AKP savaş ilan ederse desteklemem

AKP’nin Suriye’ye savaş ilan edeceği artık ayyuka çıktı. En son AP yazdı. Sudi Arabistan ile Türkiye’nin Suriye’ye müdahale edeceği konuşuluyor. Mevcut şartlar altında, böylesi bir müdahale akla yakın bir ihtimal. Zira bölgede artan İran etkinliğini kırmanın tek yolu Suriye’ye müdahale edip İran’ın Ak Deniz’e ulaşmasını engellemek. Bu stratejik zorunluluk hem Türkiye hem de Sudi Arabistan için geçerli.

Ancak AKP’nin ilan edeceği bir savaşa üç nedenle destek vermem. Birincisi, ötekileştirilme duygusu. AKP’nin yönettiği Türkiye’de kendimi ötekileştirimiş bir vatandaş gibi hissediyorm. AKP ülkeye yönelik duygularımızı bile törpüledi. İktidar ben dahil ülkenin yarısından fazlasını ötekileştirip terörist, hain ilan edecek, sonra savaş için vatandaşından destek isteyecek öyle mi? Bu hırsız iktidarına vereceğim cevabım hazır. Rezaya söyleyin iki kutu gönderip sizi desteklesin. Bize gelmeyin, başka kapıya…

İkincisi, bu iktidarın tek düşüncesi parti menfaati. Parti değil, ülke menfaatini düşünen bir iktidar olsaydı, yurttaşların yarısından fazlasını ötekileştirip ülkeye olan duygusal bağlarını soğutmazdı. Kendi menfaatini değil ülke menfaatini düşünse, düne kadar “analar ağlamasın” diye sürdürdüğü barış sürecini oy kaybedince bir çırpıda yıkmazdı. Ülke menfaatini düşünse El-Kaide gibi terör örüglerine örtütlü-açık destek verip terörü görmezden gelmezdi.  Ülke menfaatini düşünse, bunca soygun, bunca talana karşı çıkan polis ve hakimleri tutuklatmaz, ülkenin hukuk düzenini altüst etmezdi. Ülke menfaatini düşünmediği apaçık ortada olan bir iktidarın ilan edeceği savaşın da ülke menfaatine olacğaına inanmadığım için bu savaşı desteklemem

Üçüncüsü,  Ortadoğu bir bataklıktır. Erdoğan ‘İslam dünyasının lideri olacağım’ hevesiyle Türkiye’yi Ortadoğu batağına soktu. Bir daha çıkamıyoruz. TIR dolusu silahlar gönderdik, evimizde 2 milyon mülteci bulduk. Mısır’ı kaybettik. Suriye’de batağa saplandık. Irak’da yokuz. PKK Suriye’de devlet kurdu hiç bir şey yapamadık. Türkiye, Ortadoğu’da hangi hamleyi yaptıysa tüm hamleleri İran’ın işine yaradı. İran istese bu kadar planlı bir şekilde pastasını bu kadar büyütemezdi.

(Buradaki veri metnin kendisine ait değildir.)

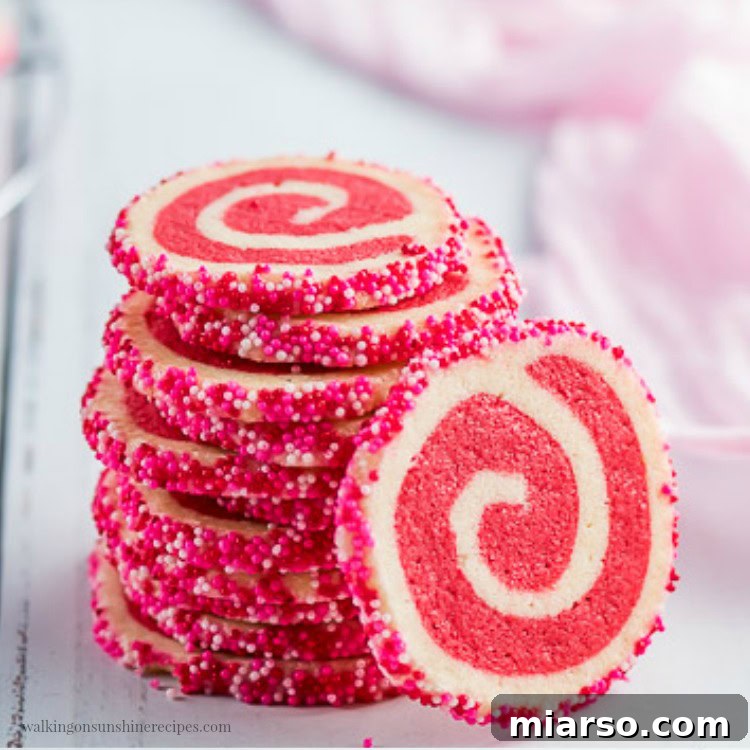 Beautifully baked Valentine's Day swirl cookies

Bu hükümetin ne stratejik vizyonuna güveniyorum ne de bu devletin savaşabileme kapasitesine. Esat ile uzun süredir aynı yatağı paylaşıp, aynı çorbaya kaşık sallayan AKP hükümetiydi. Ancak bu hükümetin İstihbarat teşkilatı Esad’ın gücünü bile analiz edemekten aciz çıktı.  Esad’ın ne kadar dayanabileceğini bile hesap edemeyen bir istihbarat teşkilatına güvenerek mi savaşa gireceğiz? “Esat’ın ayları yok artık hftaları var” diye açıklama yapan Davutoğlu’nun stratjik vizyonuna güvenerek mi savaşa gireceğiz? Yoksa Süleyman Şah Türbesini bile koruyamayan hükümetin savaş aklına güvenerek mi savaşa gireceğiz?

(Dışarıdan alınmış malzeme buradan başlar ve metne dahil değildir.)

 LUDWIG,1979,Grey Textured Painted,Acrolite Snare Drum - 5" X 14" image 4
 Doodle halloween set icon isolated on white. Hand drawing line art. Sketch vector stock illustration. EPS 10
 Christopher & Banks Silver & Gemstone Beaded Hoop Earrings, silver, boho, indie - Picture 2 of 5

Bu savaş bizi Ortadoğu’da içine battığımız bataklığın dibine çeker. Ülke bölünür. Kürt devleti de kurulur. Ben bu yüzden bu savaşa şiddetle karşıyım…

Haberimizi okuduğunuz için teşekkürler…

Okuduğunuz bu metinler sesi kısılan, nefesi kesilen insanların sesine ses, nefesine nefes verme çabası. Bu çaba, karınca kararınca Nemrut'un ateşine karşı "yerimiz belli olsun" çabası. Bu çaba, 'zalim zulmederken sen ne yaptın?' diye sorulduğunda "dik durdum" deme çabası. Bu çabanın devam etmesini isteyen dostlarımız aşağıdaki ürünü alarak destek verebilirler. Desteğiniz için yürekten teşekkürler.

Bu yayınların devam etmesi için verdiğiniz destek için çok teşekkürler...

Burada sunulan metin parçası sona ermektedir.